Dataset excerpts
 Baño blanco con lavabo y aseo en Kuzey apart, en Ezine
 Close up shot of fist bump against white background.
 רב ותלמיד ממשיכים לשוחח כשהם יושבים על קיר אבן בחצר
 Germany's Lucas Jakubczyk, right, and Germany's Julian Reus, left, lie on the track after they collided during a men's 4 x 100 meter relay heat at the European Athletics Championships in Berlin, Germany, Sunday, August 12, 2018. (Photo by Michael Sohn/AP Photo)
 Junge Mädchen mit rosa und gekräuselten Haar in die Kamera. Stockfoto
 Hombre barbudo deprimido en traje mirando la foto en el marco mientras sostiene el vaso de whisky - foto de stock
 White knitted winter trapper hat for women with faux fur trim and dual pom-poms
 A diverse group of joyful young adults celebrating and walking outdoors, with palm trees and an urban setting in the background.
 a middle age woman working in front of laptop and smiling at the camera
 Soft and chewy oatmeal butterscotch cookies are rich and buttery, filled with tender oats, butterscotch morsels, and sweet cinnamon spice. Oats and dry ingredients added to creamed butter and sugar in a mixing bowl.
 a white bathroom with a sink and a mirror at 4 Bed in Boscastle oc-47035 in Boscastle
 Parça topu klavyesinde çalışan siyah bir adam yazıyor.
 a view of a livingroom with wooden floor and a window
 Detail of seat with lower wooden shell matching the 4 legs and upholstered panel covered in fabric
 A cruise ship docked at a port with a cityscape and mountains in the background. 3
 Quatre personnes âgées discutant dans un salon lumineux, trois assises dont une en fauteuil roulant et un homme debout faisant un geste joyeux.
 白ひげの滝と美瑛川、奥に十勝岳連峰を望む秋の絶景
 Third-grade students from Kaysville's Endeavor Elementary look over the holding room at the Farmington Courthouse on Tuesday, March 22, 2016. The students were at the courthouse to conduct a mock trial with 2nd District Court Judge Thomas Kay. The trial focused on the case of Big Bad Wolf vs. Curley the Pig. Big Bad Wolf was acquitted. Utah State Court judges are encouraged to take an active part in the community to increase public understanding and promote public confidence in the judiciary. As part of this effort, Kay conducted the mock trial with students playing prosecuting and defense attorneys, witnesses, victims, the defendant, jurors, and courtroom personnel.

→ **What to produce**:
Only one stretch of the data above is needed. Restate it word for word, from the line containing "a white bathroom" through the line containing "白ひげの滝と美瑛川、奥に十勝岳連峰を望む秋の絶景", both ends included.

→ **Task result**:
 a white bathroom with a sink and a mirror at 4 Bed in Boscastle oc-47035 in Boscastle
 Parça topu klavyesinde çalışan siyah bir adam yazıyor.
 a view of a livingroom with wooden floor and a window
 Detail of seat with lower wooden shell matching the 4 legs and upholstered panel covered in fabric
 A cruise ship docked at a port with a cityscape and mountains in the background. 3
 Quatre personnes âgées discutant dans un salon lumineux, trois assises dont une en fauteuil roulant et un homme debout faisant un geste joyeux.
 白ひげの滝と美瑛川、奥に十勝岳連峰を望む秋の絶景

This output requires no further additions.